Starting with the line that contains "Bouillotte Tigre - Pelucho", copy every line through the end of the listing, exactly and only those. No pictures should appear in the copy.

THE INPUT ▸
————————

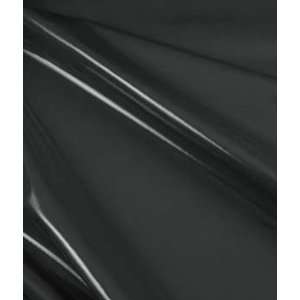  Black Pleather Fabric: Arts, Crafts & Sewing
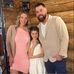 Sandy Trottier - Facebook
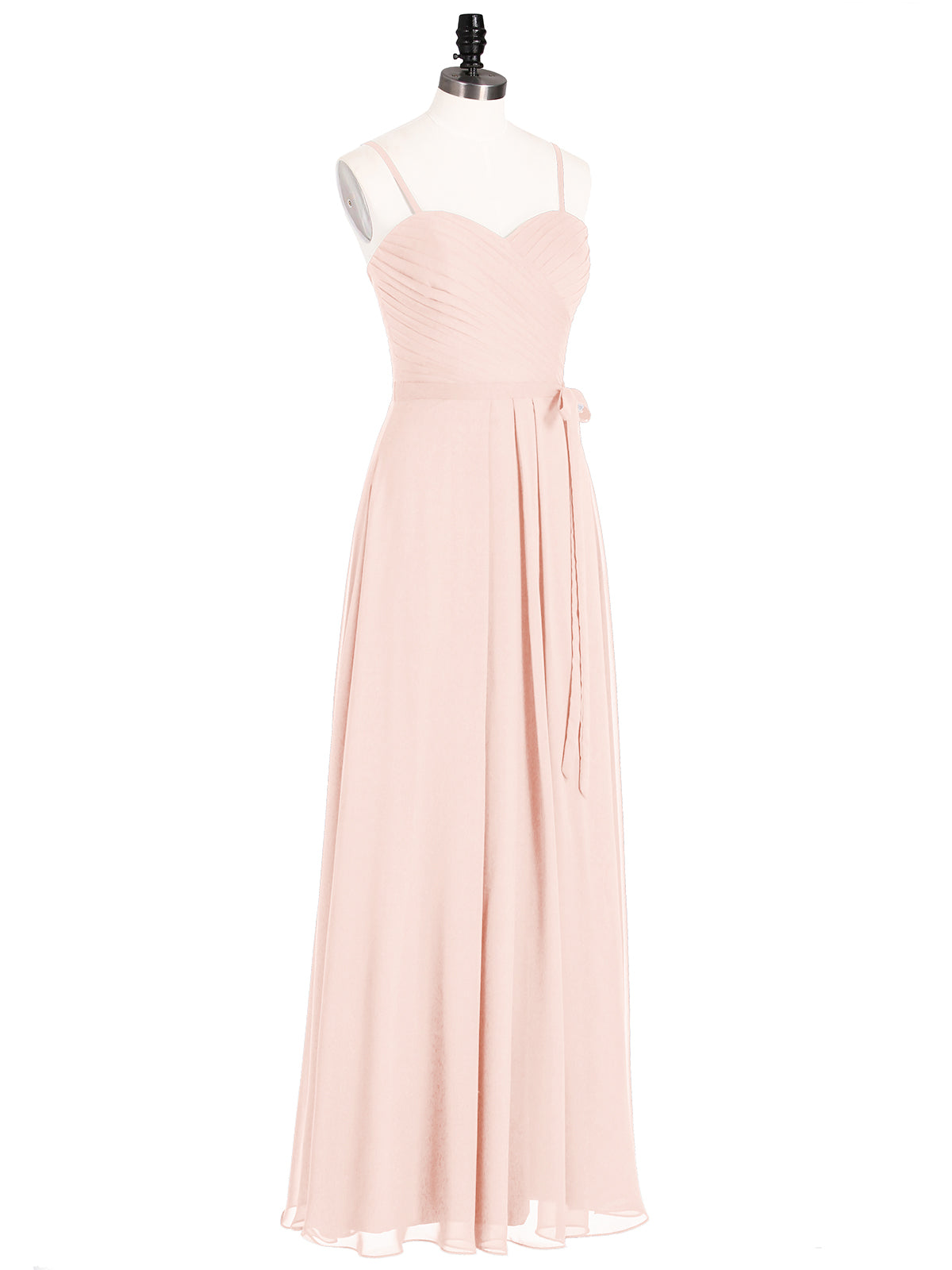 Pearl Pink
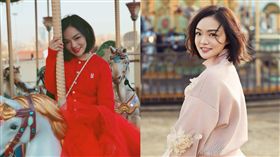 徐佳瑩 圖／臉書
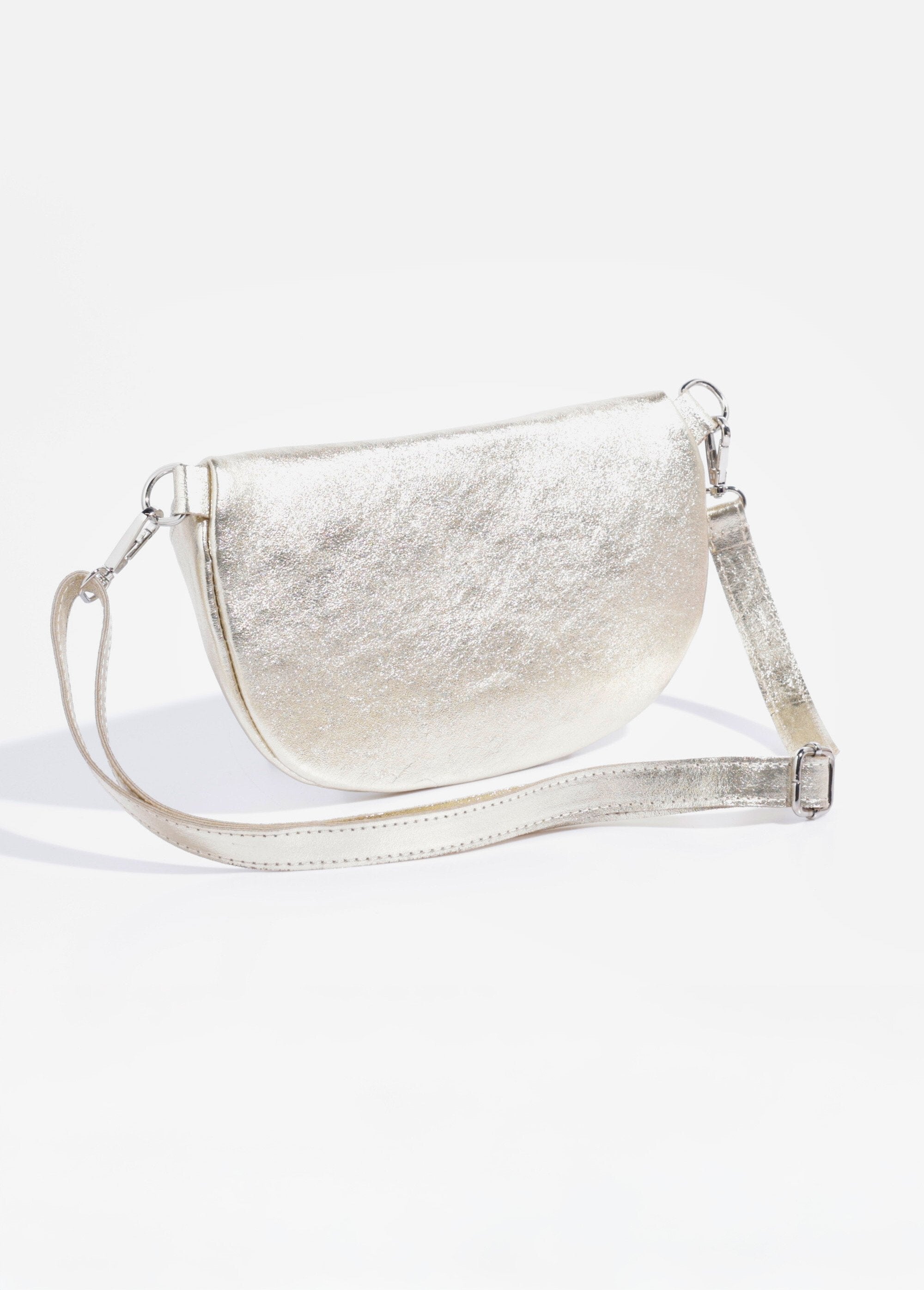 Sac_banane_double_zip_en_cuir_Champagne_DO1_slim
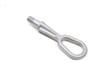 Tow Hook / Towing Eye 72157070643 — photo 2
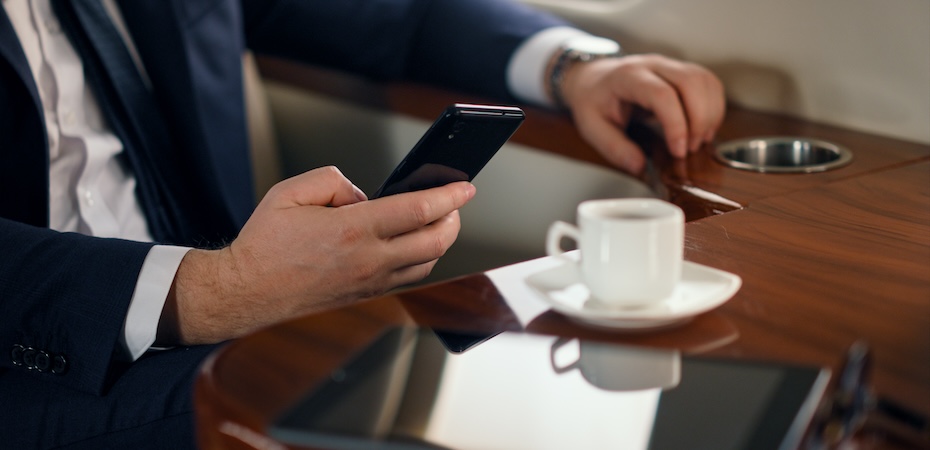 【令和8年度改正】「1.65億円の壁」がM&A・不動産売却を直撃。ミニマムタックス強化の全容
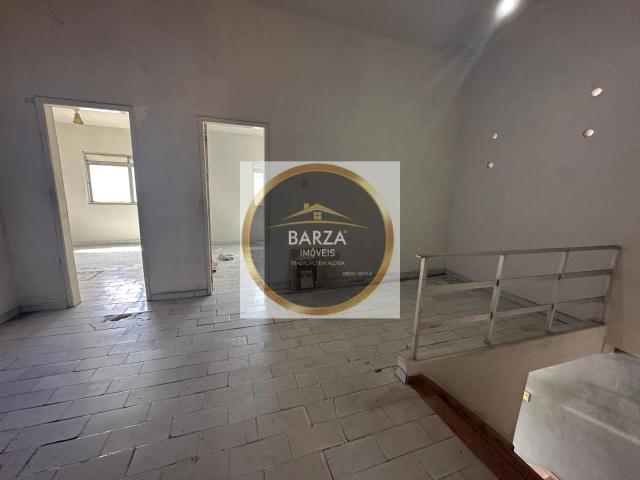 Casa / Sobrado para Venda em Recife/PE Iputinga 3 Quartos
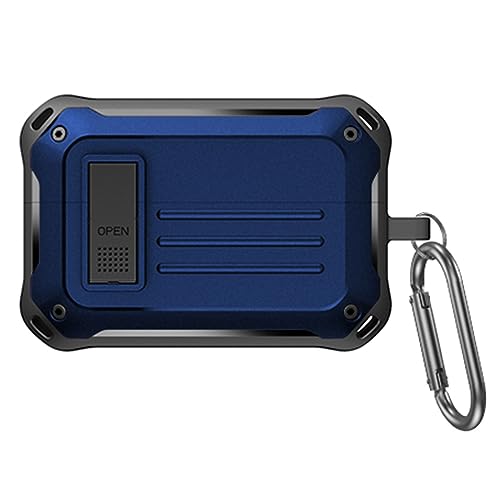 Earphone Protect Für Hülle Kompatibel Für WF 1000xm4 wasserdichte Abdeckung Schockdes Waschbarer Weicher Anti Staub SL Earphone Protect Für Hülle Kompatibel Für WF 1000xm4 wasserdichte Abdeckung Schockdes Waschbarer Weicher Anti Staub SL von MISUVRSE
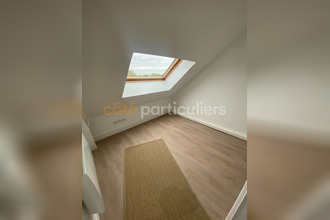 location appartement ham 80400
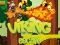 Leikur Viking Escape á netinu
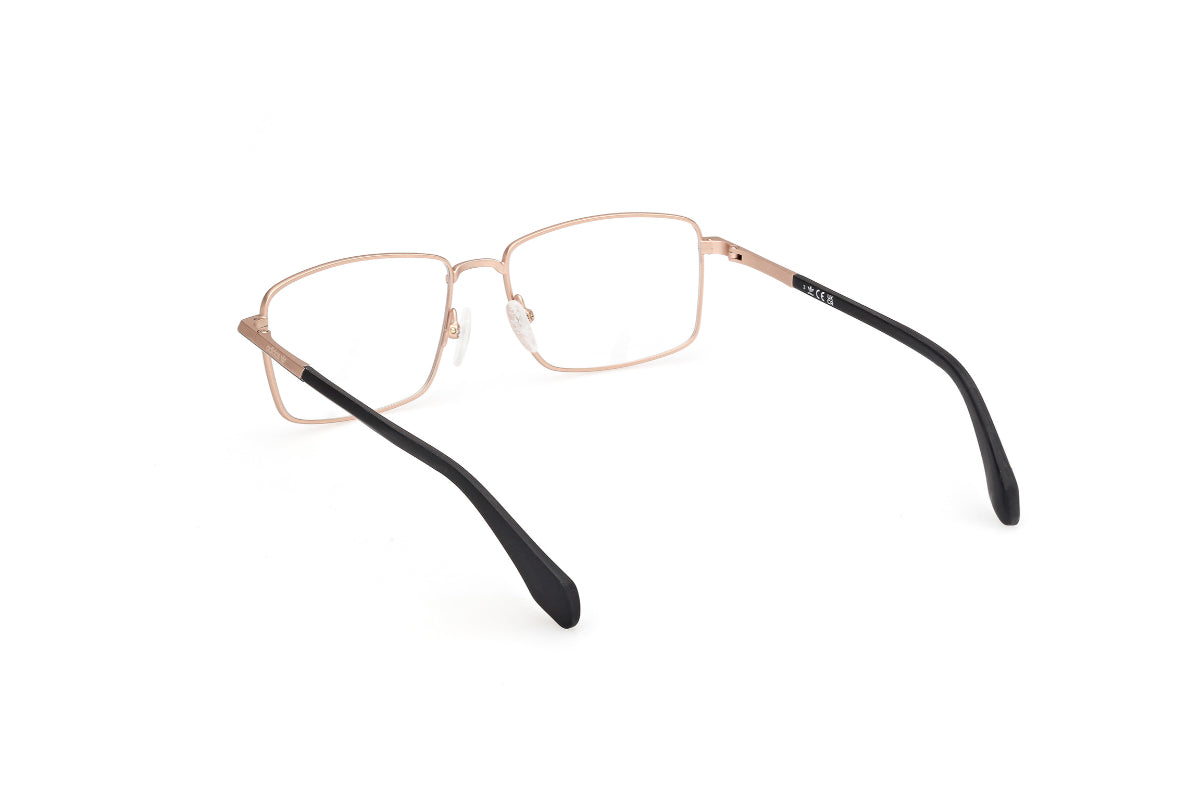 LENS. Optica Online - Lentes de Sol y Anteojos Ópticos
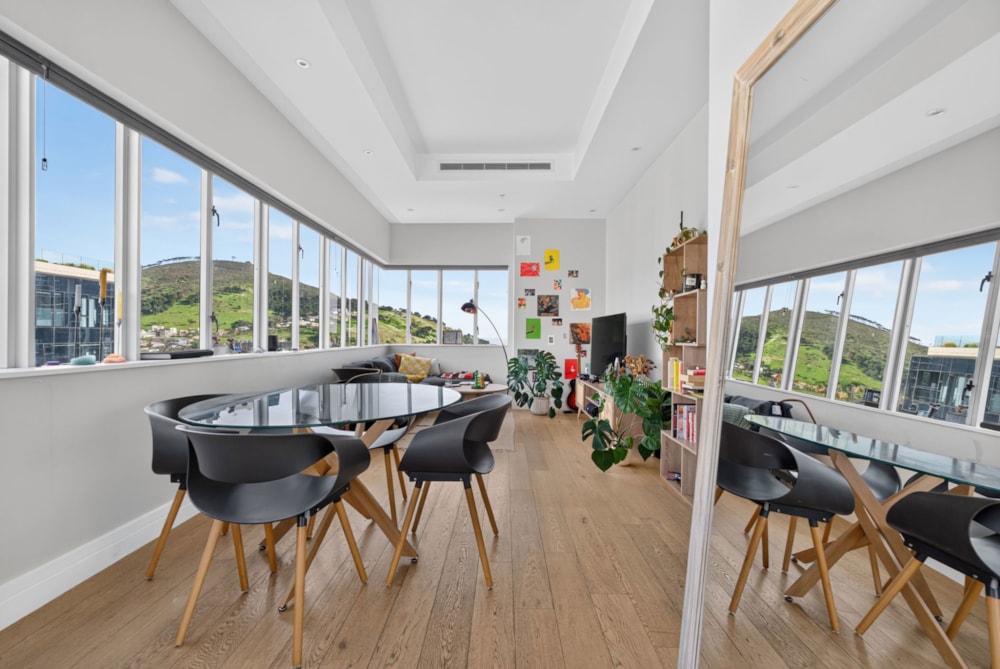 Apartment for sale in Cape Town Central - AS1743236 Apartment for sale in Cape Town Central - AS1743236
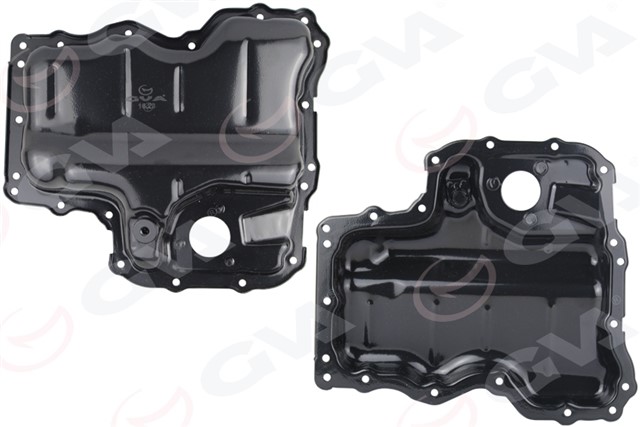 KARTER SENSORLU POLO - A1 - IBIZA - TOLEDO - FABIA - RAPID CUSA - CUSB - CUTA 1.4 TDI 14 - 17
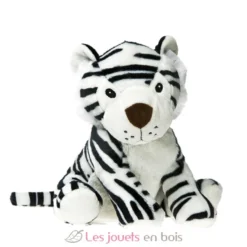 Bouillotte Tigre - Pelucho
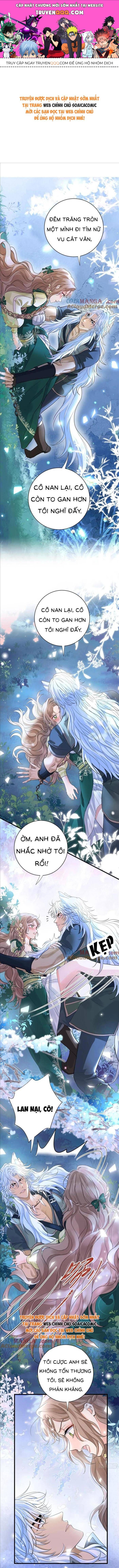 Xuyên Đến Dị Giới Toàn Trai Đẹp Chapter 43 - 1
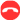 The Hang up icon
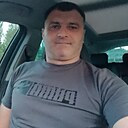 Сергій, 41 год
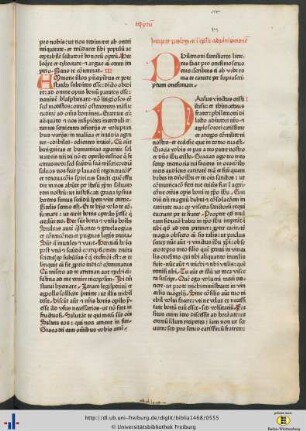 Prologus in epistola ad philemonem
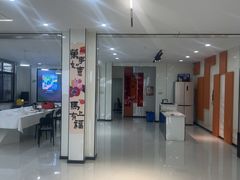 -麓舍全景太湖温泉别墅团建拓展会议亲子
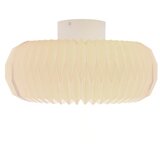 Nordlux zidna lampa belloy 2xE27/25W/230V, prečnik 40 cm | Eponuda.com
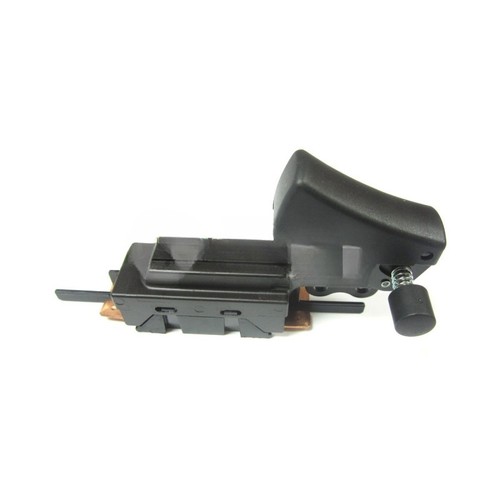 Genuine dewalt switch for - genuine,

————————

RESPONSE TO THIS TASK ▸
 Bouillotte Tigre - Pelucho
 Xuyên Đến Dị Giới Toàn Trai Đẹp Chapter 43 - 1
 The Hang up icon
 Сергій, 41 год
 Prologus in epistola ad philemonem
 -麓舍全景太湖温泉别墅团建拓展会议亲子
 Nordlux zidna lampa belloy 2xE27/25W/230V, prečnik 40 cm | Eponuda.com
 Genuine dewalt switch for - genuine,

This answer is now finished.